1994 yılında Refah Partisi İstanbul Büyükşehir Belediye Başkanlığı’nı kazandığı zaman, o kadar sevinmiştik ki emin olun bir hafta geceleri uyku uyuyamıyorduk. Bizans’ın, Roma’nın başkentinin Fatih Sultan Mehmet Han tarafından fethedildiğinde o günkü Müslümanların sevindiği kadar bizim de sevindiğimizi söylersem abartmış olmam. Aradan 25 yıl geçti, ben İstanbul Büyükşehir Belediyesi’nden ne iş aldım, ne adam koydum ne de kimsenin işine aracı oldum. Sizin anlayacağınız CHP seçimi almış olsaydı da benim için fark eden bir şey yoktu. Refah Partisi aldı, yine benim için fark eden bir şey olmadı. Büyük oğlum Bilgisayar mühendisi, 6 ay önce yüksek maaşla İstanbul Büyükşehir’de iş teklif etmişler, o da kabul etmemiş, şimdi diyor ki ‘iyi ki etmemişim’. Ancak asıl konumuz bunlar değil, konumuz İstanbul seçimlerinin neden kaybedildiği ve İmamoğlu’nun mazbatasının neden verilmediği konusudur.

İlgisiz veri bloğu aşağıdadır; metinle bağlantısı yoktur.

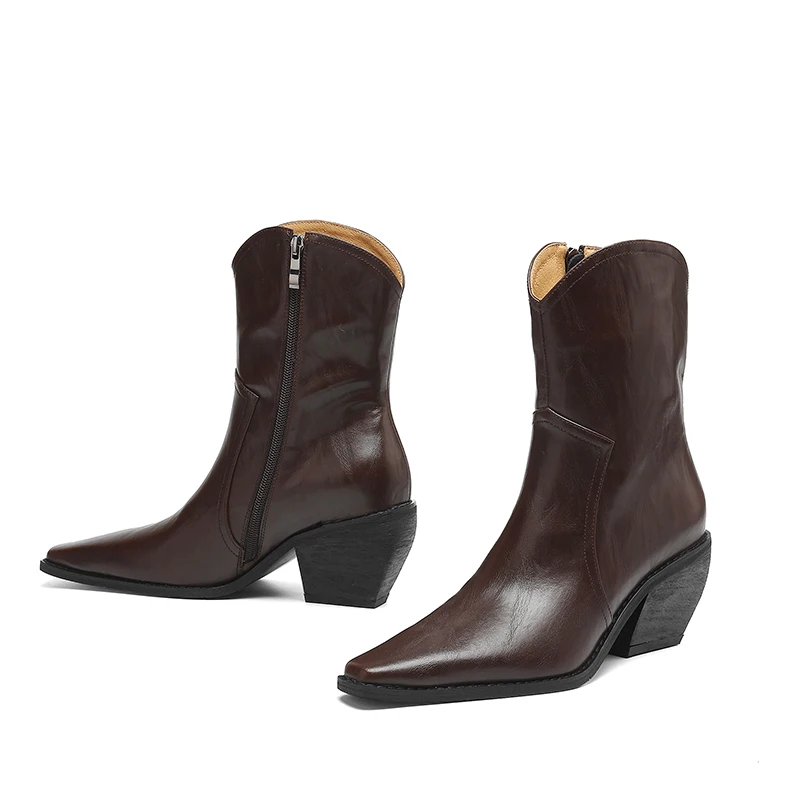 2025 New Trend Autumn Winter Women Split Leather High Block Heels Western Boots Black Brown Fashion Pointed Toe Slip-On Boots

Önce AK Parti İstanbul seçimlerini neden kaybetti, onu konuşalım. Cumhurbaşkanı teşkilatlara kızmış, operasyon yapılacakmış haberlerini okudum ama kazın ayağı hiç de öyle değil. Şayet Cumhurbaşkanı hakkaniyetle suçlu arıyorsa önce damadı Berat Albayrak’ı Bakanlıktan alacak toplumu bir rahatlatacak. Seçmen bu işi o kadar kafaya takmış ki seçim pusulasına ‘damat varsa ben yokum’ yazacak kadar ileriye gitmiş. Cumhurbaşkanı hâlâ daha suçu başkalarında arıyorsa yanlış yapıyor. AK Parti o kadar çok hata yaptı ki akıllara zarar. Yılbaşından itibaren poşetleri paralı yaptı. Buna öyle büyük bir tepki geldi ki anlatamam, poşetin zamanı şimdi miydi? Soğan ve patates konusunda da çok hata yapıldı. Baktın ki soğan patates iç piyasada yeterli değil, ithal edersin tüm piyasaya verirsin olur biter. Milleti kuyruklara sokup bir de peşinden ‘bu kuyruk varlık kuyruğu’ deyip adeta dalga geçer gibi beyanat vermek de işin tuzu biberi oldu.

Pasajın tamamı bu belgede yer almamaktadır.